Over the years, Put lived to please Ma and make her proud, hustling to repay her life debt by becoming the consummate good Cambodian daughter, working steadfastly by Ma's side in the berry fields each summer and eventually building a successful career as an award-winning journalist. But Put's adoration and efforts are no match for Ma's expectations. When she comes out to Ma in her twenties, it's just a phase. When she fails to bring home a Khmer boyfriend, it's because she's not trying hard enough. When, at the age of forty, Put tells Ma she is finally getting married — to a woman — it breaks their bond in two.
In her startling memoir, Reang explores the long legacy of inherited trauma and the crushing weight of cultural and filial duty. With rare clarity and lyric wisdom, Ma and Me is a stunning, deeply moving memoir about love, debt, and duty.
Review
"A book as close to perfect as any I have read in many years. Lyrical, emotional, and profoundly moving, Ma and Me is in equal parts a love story between a mother and her daughter, and a family's tale of survival, war, and the inherited traumas. I read Ma and Me in two days, and that is only because I forced myself to slow down to savor Putsata Reang's sharp, poetic prose."

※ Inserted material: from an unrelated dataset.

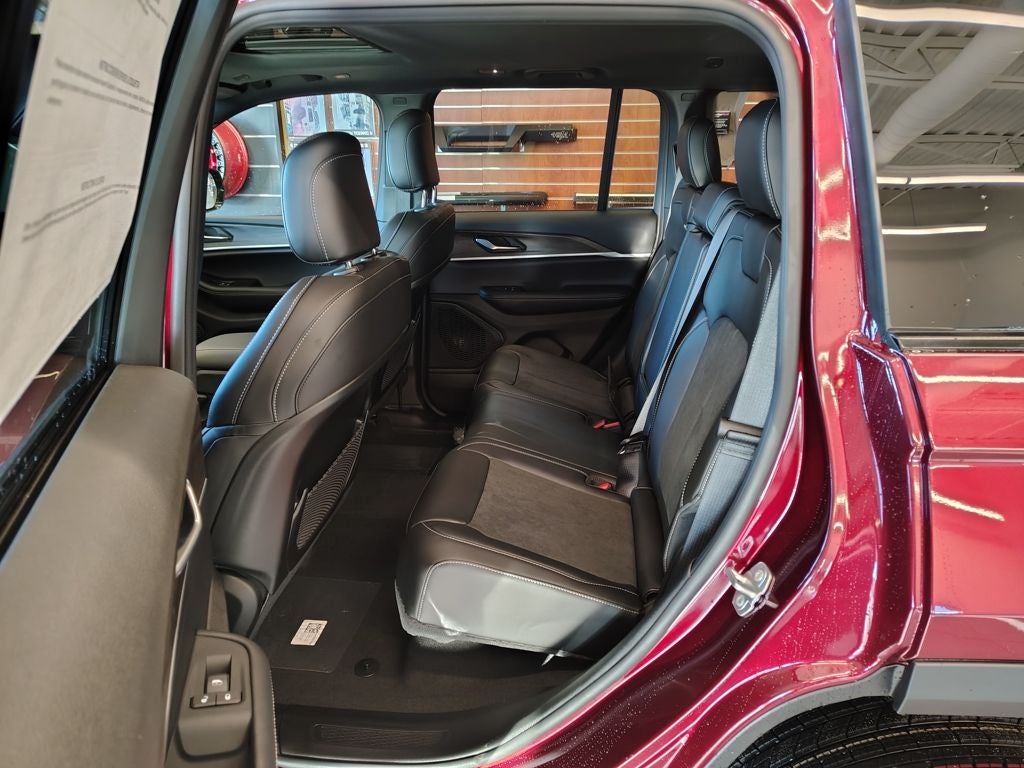 2026 Jeep Grand Cherokee Altitude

Loung Ung, author of First They Killed My Father
Review
"At a time when there are more refugees than ever in history, and borders are places of violenceand cruelty, two essential stories of our time converge in Ma and Me: Americanization's multigenerational costs, and the way this converges with lesbian life. Putsata Reang expands both literatures with this openhearted memoir that grapples emotionally and historically with the profound consequences of displacement on future lives and relationships. A book that opens the door to include queer descendants of war survivors into the growing American library of love."
Sarah Schulman, author of Let the Record Show
Review
“An important new entry in the growing body of American refugee and immigrant literature, shining a fearless light on the experiences of queer people whose families have survived the trauma of war.” BookPage
About the Author
Putsata Reang is an author and a journalist whose writings have appeared in The New York Times, Politico, The Guardian, Ms., and The Seattle Times, among other publications. Born in Cambodia and raised in rural Oregon, Reang has lived and worked in more than a dozen countries, including Cambodia, Afghanistan, and Thailand. She is an alum of residencies at Hedgebrook, Kimmel Harding Nelson, and Mineral School, and she has received fellowships from the Alicia Patterson Foundation and Jack Straw Writers Program. She teaches memoir writing at the University of Washington's School of Professional & Continuing Education.